### Assignment
Make an exact copy of the lines from the one holding "luna evaa online" through the end of the entries below, both ends kept, and of nothing else. Exclude pictures.
####
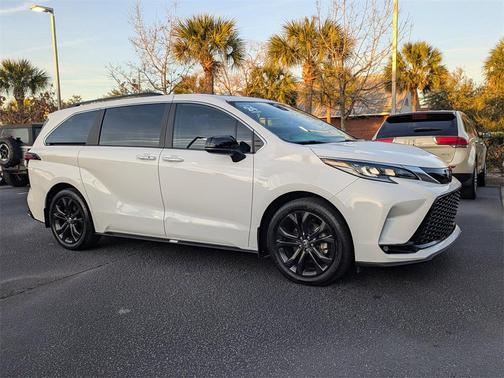 2024 Toyota Sienna XSE 7 Passenger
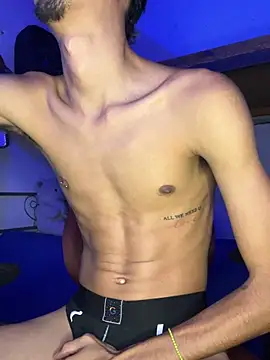 Snapshot of alexx_23cm chatting on April 2026 11:05:02 PM alexx 23cm online show from April 2026 11:05:02 PM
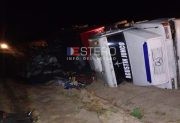 Tucumano que transportaba carbón por RN 9 protagonizó un impactante vuelco en Santiago del Estero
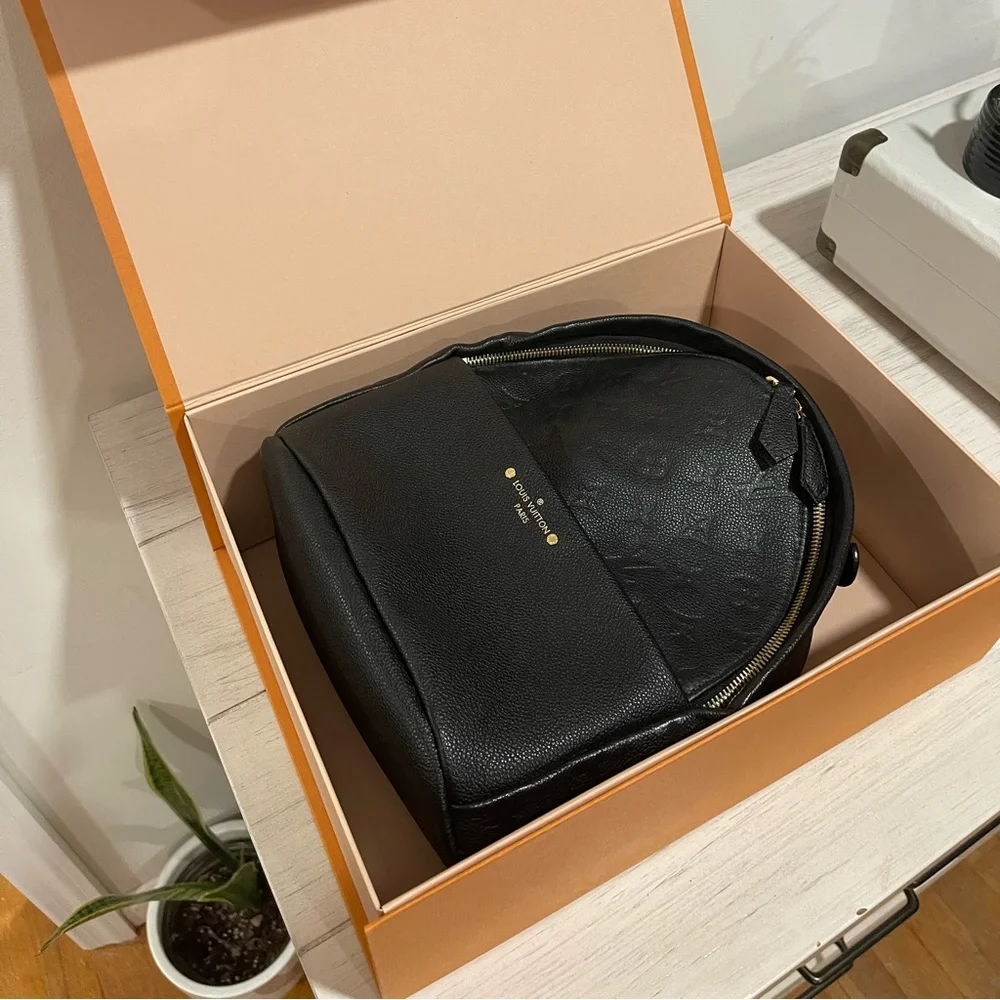 Louis Vuitton reposhing this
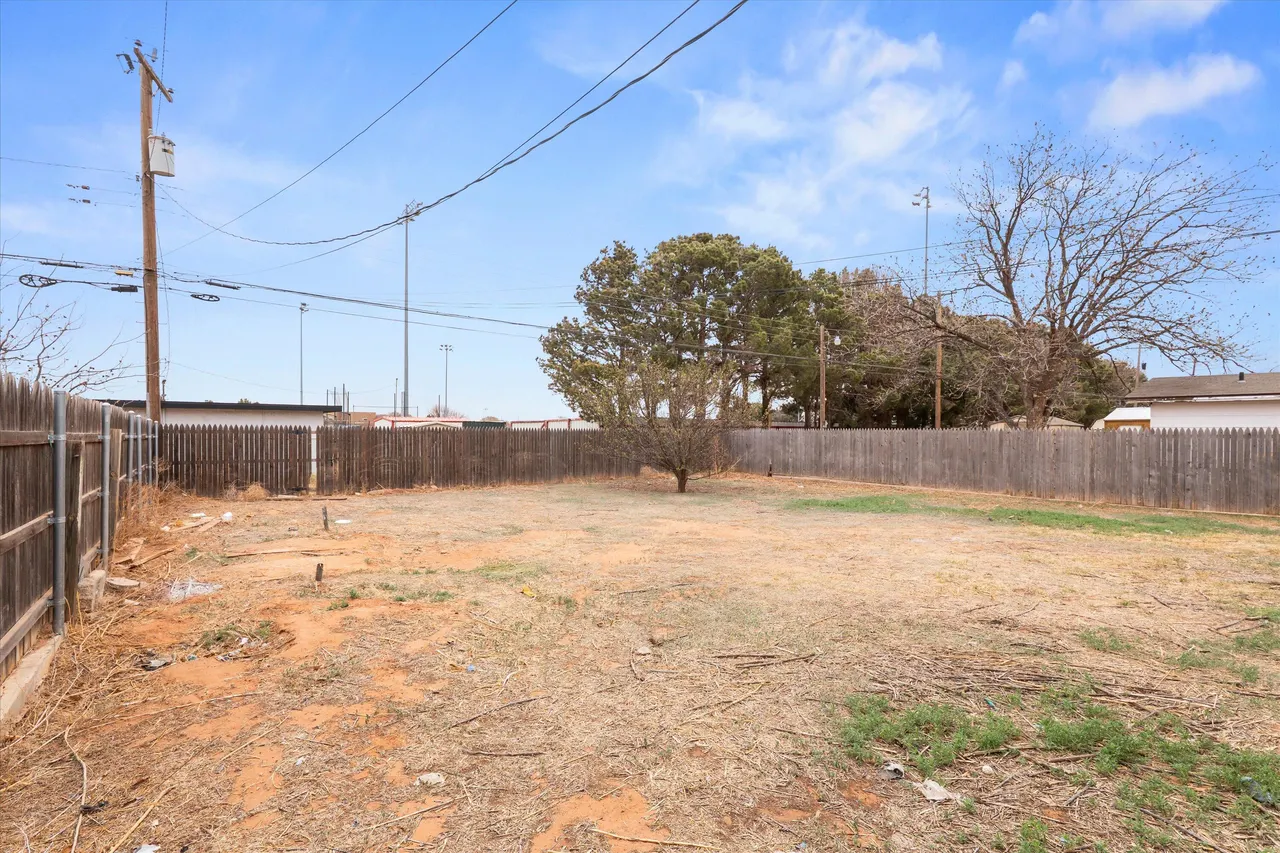 Photo 17 — 127 Flint Avenue, Levelland, TX 79336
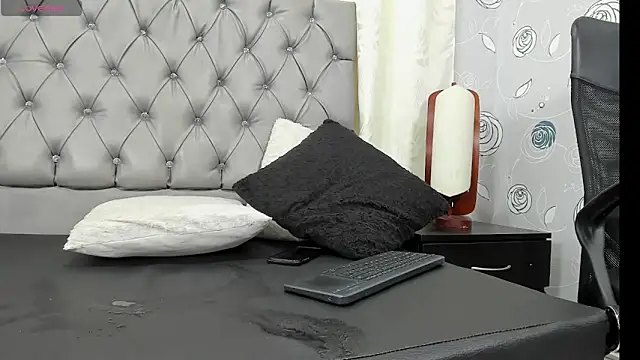 luna evaa online show from October 2025 01:56:02 PM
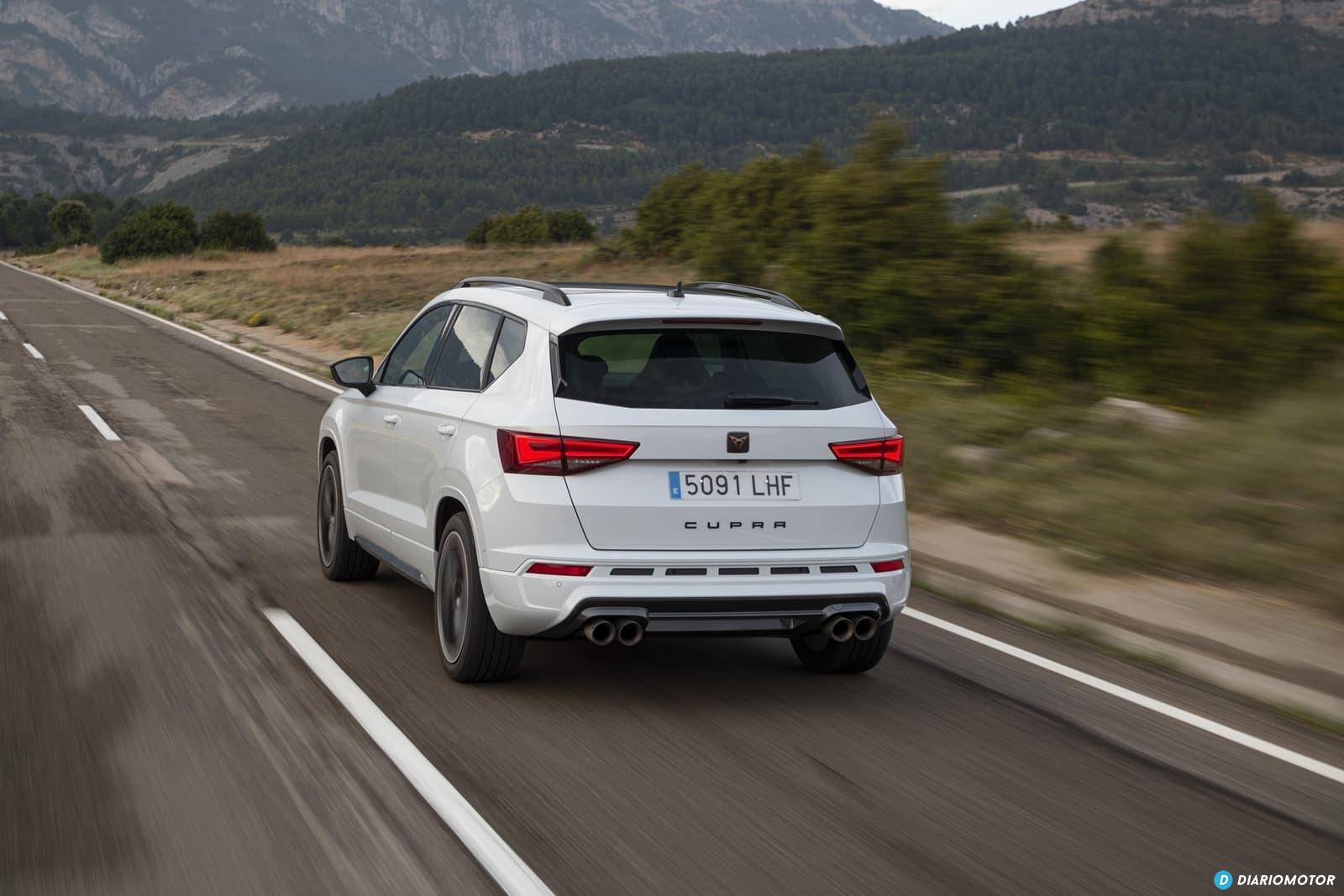Vista dinámica del CUPRA Ateca mostrando su diseño trasero y lateral.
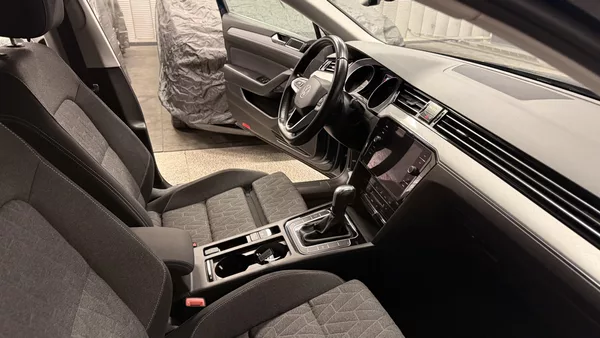 Volkswagen Passat 2.0TDI,DSG,ZÁRUKA,LED,DIESEL - foto 22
####
### Solution below
 luna evaa online show from October 2025 01:56:02 PM
Vista dinámica del CUPRA Ateca mostrando su diseño trasero y lateral.
 Volkswagen Passat 2.0TDI,DSG,ZÁRUKA,LED,DIESEL - foto 22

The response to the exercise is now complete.